Top of THE RECORDS

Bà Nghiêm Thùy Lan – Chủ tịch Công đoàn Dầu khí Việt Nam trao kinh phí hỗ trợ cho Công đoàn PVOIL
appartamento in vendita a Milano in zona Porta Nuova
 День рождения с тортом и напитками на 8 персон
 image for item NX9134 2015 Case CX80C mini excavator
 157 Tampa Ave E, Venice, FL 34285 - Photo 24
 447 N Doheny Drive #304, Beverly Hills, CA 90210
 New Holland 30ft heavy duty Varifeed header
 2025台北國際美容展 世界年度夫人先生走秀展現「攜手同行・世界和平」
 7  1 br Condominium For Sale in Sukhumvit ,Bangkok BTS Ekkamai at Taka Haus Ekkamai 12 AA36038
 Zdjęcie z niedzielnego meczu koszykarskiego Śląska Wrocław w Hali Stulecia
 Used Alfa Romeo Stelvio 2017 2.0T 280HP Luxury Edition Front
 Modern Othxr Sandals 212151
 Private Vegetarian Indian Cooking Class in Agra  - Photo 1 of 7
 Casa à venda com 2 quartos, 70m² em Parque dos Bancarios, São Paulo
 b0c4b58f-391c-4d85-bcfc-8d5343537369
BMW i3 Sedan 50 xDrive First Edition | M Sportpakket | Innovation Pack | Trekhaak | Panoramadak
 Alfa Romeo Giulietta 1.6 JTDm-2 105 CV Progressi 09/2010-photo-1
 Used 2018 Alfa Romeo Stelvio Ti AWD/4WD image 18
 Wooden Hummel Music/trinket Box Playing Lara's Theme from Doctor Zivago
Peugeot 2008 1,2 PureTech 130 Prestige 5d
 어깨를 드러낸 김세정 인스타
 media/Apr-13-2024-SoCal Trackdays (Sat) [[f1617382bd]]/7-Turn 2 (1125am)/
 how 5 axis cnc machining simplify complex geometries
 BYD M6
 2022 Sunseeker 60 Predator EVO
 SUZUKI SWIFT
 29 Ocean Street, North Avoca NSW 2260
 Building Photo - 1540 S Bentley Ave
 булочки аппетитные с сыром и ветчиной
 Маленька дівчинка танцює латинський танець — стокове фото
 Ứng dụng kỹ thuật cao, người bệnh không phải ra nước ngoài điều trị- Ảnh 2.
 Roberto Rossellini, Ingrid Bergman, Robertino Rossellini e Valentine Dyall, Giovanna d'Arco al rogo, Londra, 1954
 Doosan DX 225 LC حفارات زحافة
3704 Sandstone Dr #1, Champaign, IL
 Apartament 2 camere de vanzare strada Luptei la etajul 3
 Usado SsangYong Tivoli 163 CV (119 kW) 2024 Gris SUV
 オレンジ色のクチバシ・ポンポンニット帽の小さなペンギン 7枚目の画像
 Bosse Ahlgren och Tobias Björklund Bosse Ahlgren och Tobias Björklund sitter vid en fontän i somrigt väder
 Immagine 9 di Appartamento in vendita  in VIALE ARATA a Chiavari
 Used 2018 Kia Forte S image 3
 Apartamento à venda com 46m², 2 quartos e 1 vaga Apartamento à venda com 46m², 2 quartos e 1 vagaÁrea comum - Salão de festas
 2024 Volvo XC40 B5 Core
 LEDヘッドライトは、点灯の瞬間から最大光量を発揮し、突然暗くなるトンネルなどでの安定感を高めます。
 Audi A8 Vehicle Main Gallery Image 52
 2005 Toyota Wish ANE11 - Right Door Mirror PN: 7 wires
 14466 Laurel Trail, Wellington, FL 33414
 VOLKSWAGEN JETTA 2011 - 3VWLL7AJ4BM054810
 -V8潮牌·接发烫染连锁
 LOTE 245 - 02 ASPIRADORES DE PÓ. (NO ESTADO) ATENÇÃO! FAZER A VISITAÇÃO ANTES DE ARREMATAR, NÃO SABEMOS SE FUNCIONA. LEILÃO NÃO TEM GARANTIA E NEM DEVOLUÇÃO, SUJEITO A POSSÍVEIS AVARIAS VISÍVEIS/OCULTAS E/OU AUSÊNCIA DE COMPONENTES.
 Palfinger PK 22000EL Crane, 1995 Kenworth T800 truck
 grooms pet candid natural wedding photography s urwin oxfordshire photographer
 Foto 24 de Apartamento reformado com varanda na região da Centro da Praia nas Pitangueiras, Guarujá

Bottom of THE RECORDS

#### THE PROBLEM
The required output is each line from the one with "オレンジ色のクチバシ・ポンポンニット帽の小さなペンギン 7枚目の画像" through the end of the material above, repeated exactly with both ends included.

#### OUTPUT FOR THIS TASK
 オレンジ色のクチバシ・ポンポンニット帽の小さなペンギン 7枚目の画像
 Bosse Ahlgren och Tobias Björklund Bosse Ahlgren och Tobias Björklund sitter vid en fontän i somrigt väder
 Immagine 9 di Appartamento in vendita  in VIALE ARATA a Chiavari
 Used 2018 Kia Forte S image 3
 Apartamento à venda com 46m², 2 quartos e 1 vaga Apartamento à venda com 46m², 2 quartos e 1 vagaÁrea comum - Salão de festas
 2024 Volvo XC40 B5 Core
 LEDヘッドライトは、点灯の瞬間から最大光量を発揮し、突然暗くなるトンネルなどでの安定感を高めます。
 Audi A8 Vehicle Main Gallery Image 52
 2005 Toyota Wish ANE11 - Right Door Mirror PN: 7 wires
 14466 Laurel Trail, Wellington, FL 33414
 VOLKSWAGEN JETTA 2011 - 3VWLL7AJ4BM054810
 -V8潮牌·接发烫染连锁
 LOTE 245 - 02 ASPIRADORES DE PÓ. (NO ESTADO) ATENÇÃO! FAZER A VISITAÇÃO ANTES DE ARREMATAR, NÃO SABEMOS SE FUNCIONA. LEILÃO NÃO TEM GARANTIA E NEM DEVOLUÇÃO, SUJEITO A POSSÍVEIS AVARIAS VISÍVEIS/OCULTAS E/OU AUSÊNCIA DE COMPONENTES.
 Palfinger PK 22000EL Crane, 1995 Kenworth T800 truck
 grooms pet candid natural wedding photography s urwin oxfordshire photographer
 Foto 24 de Apartamento reformado com varanda na região da Centro da Praia nas Pitangueiras, Guarujá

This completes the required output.